# Activity:
Repeat the listing below in full and exactly, but without its pictures.

─── Data excerpt ───

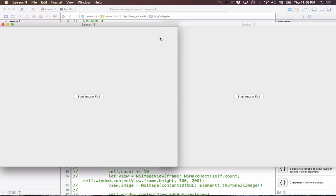Hello everyone and welcome to your third Cocoa Concurrency tutorial. In this tutorial we're going to be talking about GCD or Grand Central Dispatch, which is Apple's framework for incorporating concurrency into your applications. I think it's one of the greatest additions Apple has added to the language, and it's something that many other languages lack.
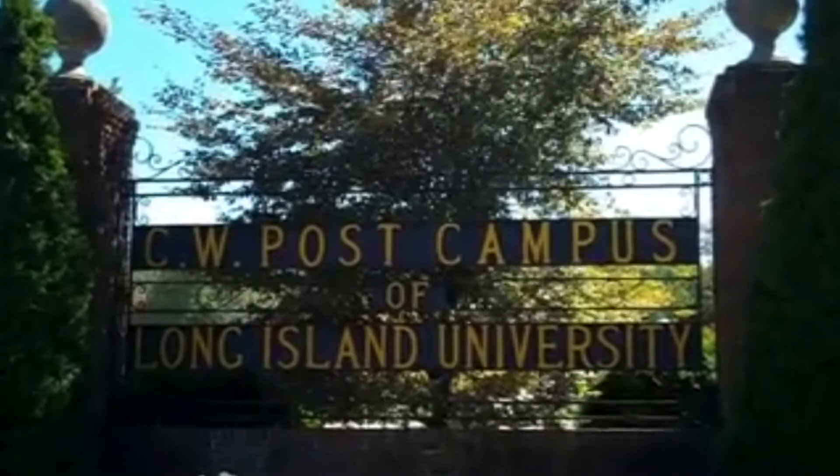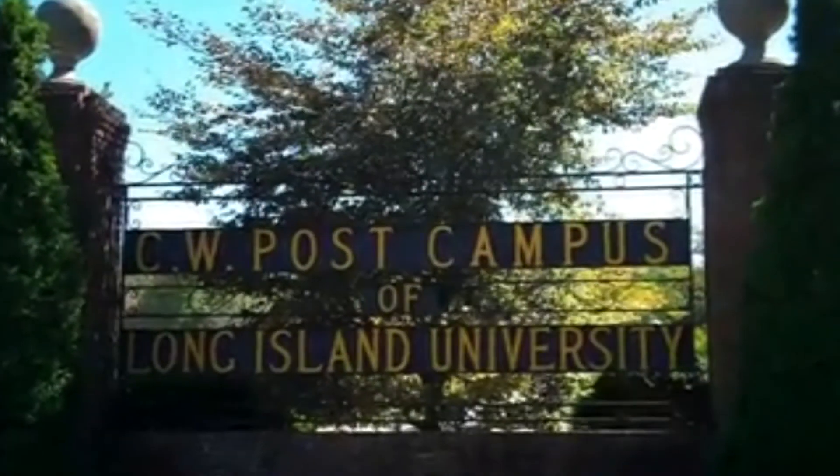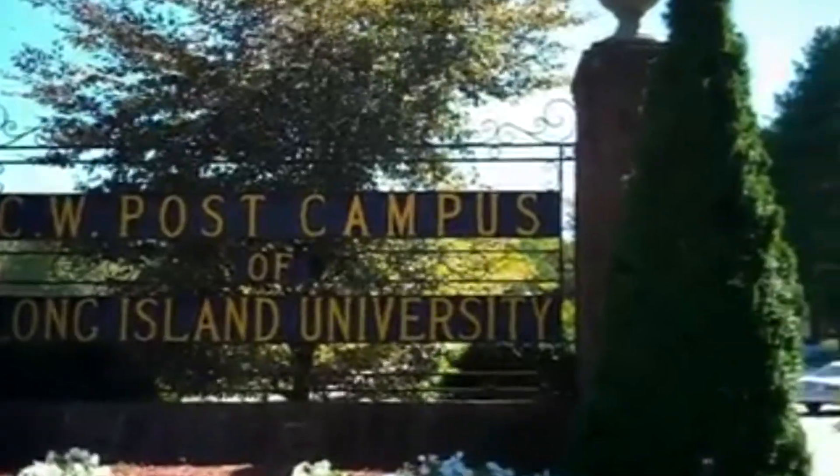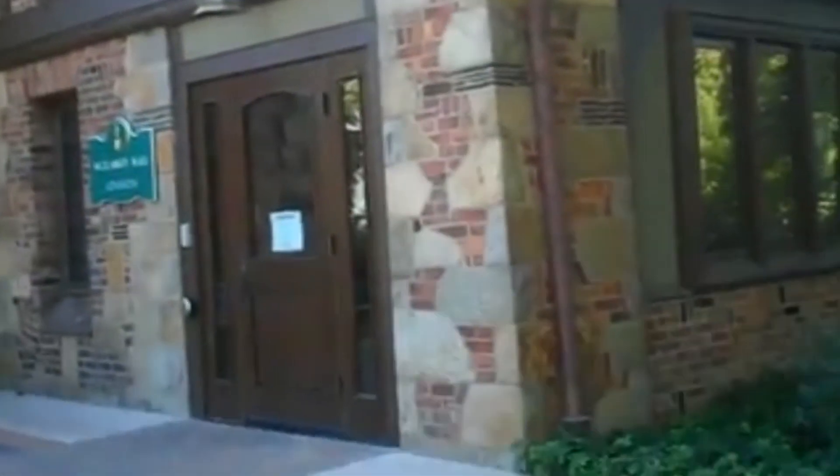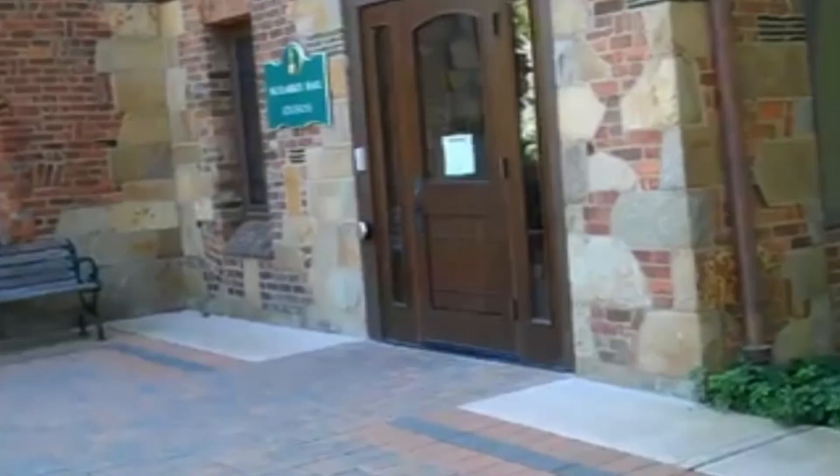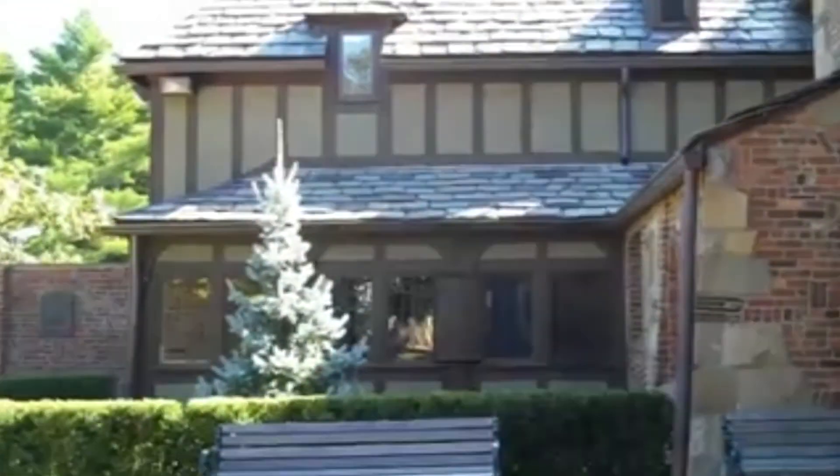Six short years later, I would attend Long Island University, CW Post Campus, to study filmmaking. It's there that I met the sons of Zedmore. Who are the sons of Zedmore?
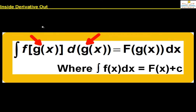This is named as 'inside derivative out' — that is, the integral of f(g(x)) into the derivative of g(x). Observe this carefully: the function inside is g(x) and its derivative is placed as g'(x). Then without any hesitation, this integral can be written as capital F of g(x).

───

# Reply:
Hello everyone and welcome to your third Cocoa Concurrency tutorial. In this tutorial we're going to be talking about GCD or Grand Central Dispatch, which is Apple's framework for incorporating concurrency into your applications. I think it's one of the greatest additions Apple has added to the language, and it's something that many other languages lack.
Six short years later, I would attend Long Island University, CW Post Campus, to study filmmaking. It's there that I met the sons of Zedmore. Who are the sons of Zedmore?
This is named as 'inside derivative out' — that is, the integral of f(g(x)) into the derivative of g(x). Observe this carefully: the function inside is g(x) and its derivative is placed as g'(x). Then without any hesitation, this integral can be written as capital F of g(x).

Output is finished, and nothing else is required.